* What the task asks *
Can you print every record below exactly as written?
(Task input begins)
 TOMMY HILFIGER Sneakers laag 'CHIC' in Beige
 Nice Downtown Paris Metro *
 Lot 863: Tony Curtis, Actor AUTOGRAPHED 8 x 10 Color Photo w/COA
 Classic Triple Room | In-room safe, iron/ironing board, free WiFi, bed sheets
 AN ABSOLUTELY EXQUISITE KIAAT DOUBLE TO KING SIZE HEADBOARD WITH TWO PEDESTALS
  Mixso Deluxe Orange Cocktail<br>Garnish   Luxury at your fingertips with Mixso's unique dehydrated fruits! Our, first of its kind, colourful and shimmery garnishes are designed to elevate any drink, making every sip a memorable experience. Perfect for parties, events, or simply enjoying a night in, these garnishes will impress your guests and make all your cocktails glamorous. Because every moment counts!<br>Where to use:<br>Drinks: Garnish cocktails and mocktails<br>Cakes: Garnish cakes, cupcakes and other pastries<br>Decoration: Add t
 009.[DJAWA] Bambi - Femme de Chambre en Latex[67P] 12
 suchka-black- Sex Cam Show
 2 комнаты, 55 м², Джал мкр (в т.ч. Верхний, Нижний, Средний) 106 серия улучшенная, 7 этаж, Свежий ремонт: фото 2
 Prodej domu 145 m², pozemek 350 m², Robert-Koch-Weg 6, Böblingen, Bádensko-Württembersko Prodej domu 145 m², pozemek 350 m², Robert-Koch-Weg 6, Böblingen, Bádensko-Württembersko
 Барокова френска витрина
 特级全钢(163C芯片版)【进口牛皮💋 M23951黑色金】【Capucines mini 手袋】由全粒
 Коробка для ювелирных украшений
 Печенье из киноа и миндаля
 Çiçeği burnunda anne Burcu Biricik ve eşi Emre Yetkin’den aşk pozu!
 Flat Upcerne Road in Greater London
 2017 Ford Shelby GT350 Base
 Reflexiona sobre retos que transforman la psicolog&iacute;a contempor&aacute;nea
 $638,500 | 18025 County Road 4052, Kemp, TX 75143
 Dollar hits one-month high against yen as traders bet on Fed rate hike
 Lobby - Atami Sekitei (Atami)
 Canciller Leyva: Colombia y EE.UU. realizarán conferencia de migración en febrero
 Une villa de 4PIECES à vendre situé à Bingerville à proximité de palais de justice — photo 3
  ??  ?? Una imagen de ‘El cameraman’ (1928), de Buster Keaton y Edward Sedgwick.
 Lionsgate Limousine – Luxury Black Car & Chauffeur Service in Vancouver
(Task input ends)
* Result of the exercise *
 TOMMY HILFIGER Sneakers laag 'CHIC' in Beige
 Nice Downtown Paris Metro *
 Lot 863: Tony Curtis, Actor AUTOGRAPHED 8 x 10 Color Photo w/COA
 Classic Triple Room | In-room safe, iron/ironing board, free WiFi, bed sheets
 AN ABSOLUTELY EXQUISITE KIAAT DOUBLE TO KING SIZE HEADBOARD WITH TWO PEDESTALS
  Mixso Deluxe Orange Cocktail<br>Garnish   Luxury at your fingertips with Mixso's unique dehydrated fruits! Our, first of its kind, colourful and shimmery garnishes are designed to elevate any drink, making every sip a memorable experience. Perfect for parties, events, or simply enjoying a night in, these garnishes will impress your guests and make all your cocktails glamorous. Because every moment counts!<br>Where to use:<br>Drinks: Garnish cocktails and mocktails<br>Cakes: Garnish cakes, cupcakes and other pastries<br>Decoration: Add t
 009.[DJAWA] Bambi - Femme de Chambre en Latex[67P] 12
 suchka-black- Sex Cam Show
 2 комнаты, 55 м², Джал мкр (в т.ч. Верхний, Нижний, Средний) 106 серия улучшенная, 7 этаж, Свежий ремонт: фото 2
 Prodej domu 145 m², pozemek 350 m², Robert-Koch-Weg 6, Böblingen, Bádensko-Württembersko Prodej domu 145 m², pozemek 350 m², Robert-Koch-Weg 6, Böblingen, Bádensko-Württembersko
 Барокова френска витрина
 特级全钢(163C芯片版)【进口牛皮💋 M23951黑色金】【Capucines mini 手袋】由全粒
 Коробка для ювелирных украшений
 Печенье из киноа и миндаля
 Çiçeği burnunda anne Burcu Biricik ve eşi Emre Yetkin’den aşk pozu!
 Flat Upcerne Road in Greater London
 2017 Ford Shelby GT350 Base
 Reflexiona sobre retos que transforman la psicolog&iacute;a contempor&aacute;nea
 $638,500 | 18025 County Road 4052, Kemp, TX 75143
 Dollar hits one-month high against yen as traders bet on Fed rate hike
 Lobby - Atami Sekitei (Atami)
 Canciller Leyva: Colombia y EE.UU. realizarán conferencia de migración en febrero
 Une villa de 4PIECES à vendre situé à Bingerville à proximité de palais de justice — photo 3
  ??  ?? Una imagen de ‘El cameraman’ (1928), de Buster Keaton y Edward Sedgwick.
 Lionsgate Limousine – Luxury Black Car & Chauffeur Service in Vancouver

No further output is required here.